A computer program (also known as a program, software, software application, script, or code) can be written in any suitable form of programming language, including compiled or interpreted languages, declarative or procedural languages, and it can be deployed in any suitable form, including as a stand-alone program or as a module, component, subroutine, or other unit suitable for use in a computing environment. A computer program does not necessarily correspond to a file in a file system. A program can be stored in a portion of a file that holds other programs or data (e.g., one or more scripts stored in a markup language document), in a single file dedicated to the program in question, or in multiple coordinated files (e.g., files that store one or more modules, sub-programs, or portions of code). A computer program can be deployed to be executed on one computer or on multiple computers that are located at one site or distributed across multiple sites and interconnected by a communication network.
The processes and logic flows described in this specification can be performed by one or more programmable processors executing one or more computer programs to perform functions by operating on input data and generating output. The processes and logic flows can also be performed by, and apparatus can also be implemented as, special purpose logic circuitry, e.g., an FPGA (field programmable gate array) or an ASIC (application-specific integrated circuit).
Processors suitable for the execution of a computer program include, by way of example, special purpose microprocessors. Generally, a processor will receive instructions and data from a read-only memory or a random access memory or both. The essential elements of a computer are a processor for performing instructions and one or more memory devices for storing instructions and data. Generally, a computer will also include, or be operatively coupled to receive data from or transfer data to, or both, one or more mass storage devices for storing data, e.g., magnetic, magneto-optical disks, or optical disks. However, a computer need not have such devices. Moreover, a computer can be embedded in another device, e.g., a mobile telephone, a personal digital assistant (PDA), a mobile audio or video player, a game console, a Global Positioning System (GPS) receiver, or a portable storage device (e.g., a universal serial bus (USB) flash drive), to name just a few. Devices suitable for storing computer program instructions and data include all forms of non-volatile memory, media and memory devices, including by way of example semiconductor memory devices, e.g., EPROM (Erasable Programmable Read-Only Memory), EEPROM (Electrically Erasable Programmable Read-Only Memory), and flash memory devices; magnetic disks, e.g., internal hard disks or removable disks; magneto-optical disks; and CD-ROM and DVD-ROM disks. The processor and the memory can be supplemented by, or incorporated in, special purpose logic circuitry.
To provide for interaction with a user, embodiments of the subject matter described in this specification can be implemented on a computing device capable of providing information to a user. The information can be provided to a user in any form of sensory format, including visual, auditory, tactile or a combination thereof. The computing device can be coupled to a display device, e.g., an LCD (liquid crystal display) display device, an OLED (organic light emitting diode) display device, another monitor, a head mounted display device, and the like, for displaying information to the user. The computing device can be coupled to an input device. The input device can include a touch screen, keyboard and a pointing device, e.g., a mouse or a trackball, by which the user can provide input to the computing device.
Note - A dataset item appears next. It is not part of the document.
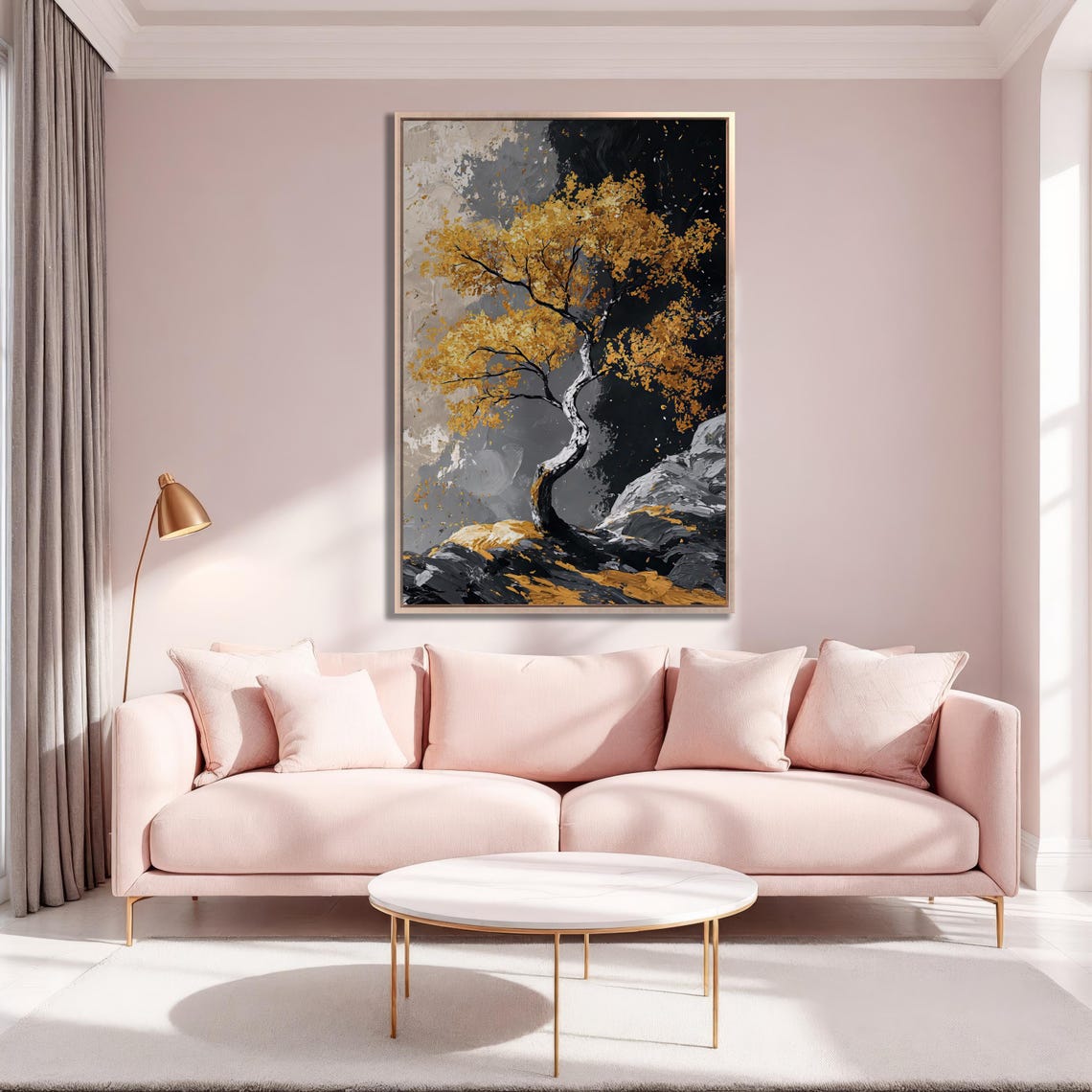 Windswept Golden Tree On Dark Rocks Black Gold Impasto Poster - Image 2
Other kinds of devices can be used to provide for interaction with a user as well; for example, feedback provided to the user can be any suitable form of sensory feedback, e.g., visual feedback, auditory feedback, or tactile feedback; and input from the user can be received in any suitable form, including acoustic, speech, or tactile input.
The computing system can include clients and servers. A client and server are generally remote from each other and typically interact through a communication network. The relationship of client and server arises by virtue of computer programs running on the respective computers and having a client-server relationship to each other. Embodiments of the subject matter described in this specification can be implemented in a computing system that includes a back-end component, e.g., as a data server, or that includes a middleware component, e.g., an application server, or that includes a front-end component, e.g., a client computer having a graphical user interface or a Web browser through which a user can interact with an implementation of the subject matter described is this specification, or any combination of one or more such back-end, middleware, or front-end components. The components of the system can be interconnected by any suitable form or medium of digital data communication, e.g., a communication network. Examples of communication networks include a local area network (“LAN”) and a wide area network (“WAN”), an inter-network (e.g., the Internet), and peer-to-peer networks (e.g., ad hoc peer-to-peer networks).
While this specification contains many implementation details, these should not be construed as limitations on the scope of what is being or may be claimed, but rather as descriptions of features specific to particular embodiments of the disclosed subject matter. Certain features that are described in this specification in the context of separate embodiments can also be implemented in combination in a single embodiment. Conversely, various features that are described in the context of a single embodiment can also be implemented in multiple embodiments separately or in any suitable subcombination. Moreover, although features may be described above as acting in certain combinations and even initially claimed as such, one or more features from a claimed combination can in some cases be excised from the combination, and the claimed combination may be directed to a subcombination or variation of a subcombination. Thus, unless explicitly stated otherwise, or unless the knowledge of one of ordinary skill in the art clearly indicates otherwise, any of the features of the embodiments described above can be combined with any of the other features of the embodiments described above.
Similarly, while operations are depicted in the drawings in a particular order, this should not be understood as requiring that such operations be performed in the particular order shown or in sequential order, or that all illustrated operations be performed, to achieve desirable results. In certain circumstances, multitasking and/or parallel processing may be advantageous. Moreover, the separation of various system components in the embodiments described above should not be understood as requiring such separation in all embodiments, and it should be understood that the described program components and systems can generally be integrated together in a single software product or packaged into multiple software products.
Thus, particular embodiments of the invention have been described. Other embodiments are within the scope of the following claims. For example, the actions recited in the claims can be performed in a different order and still achieve desirable results.

Claims

What is claimed is:

1. A method comprising:

obtaining, by a first computing engine, a descriptor for a unit of work to be executed on a workload processing system, wherein:

(i) the first computing engine manages the workload processing system that comprises two or more workload processors, and

(ii) a first workload processor of the workload processing system is managed by a second computing engine;

assigning, by the first computing engine, the descriptor to a first workload category of a plurality of workload categories based at least in part on a resource requirement fingerprint that characterizes the unit of work;

selecting, by the second computing engine, the descriptor from the first workload category based at least in part on:

(i) the resource requirement fingerprint of the descriptor, and

(ii) available resources within the first workload processor; and

determining, by the second computing engine, the unit of work associated with the descriptor; and

causing, by the second computing engine, the first workload processor to execute the unit of work.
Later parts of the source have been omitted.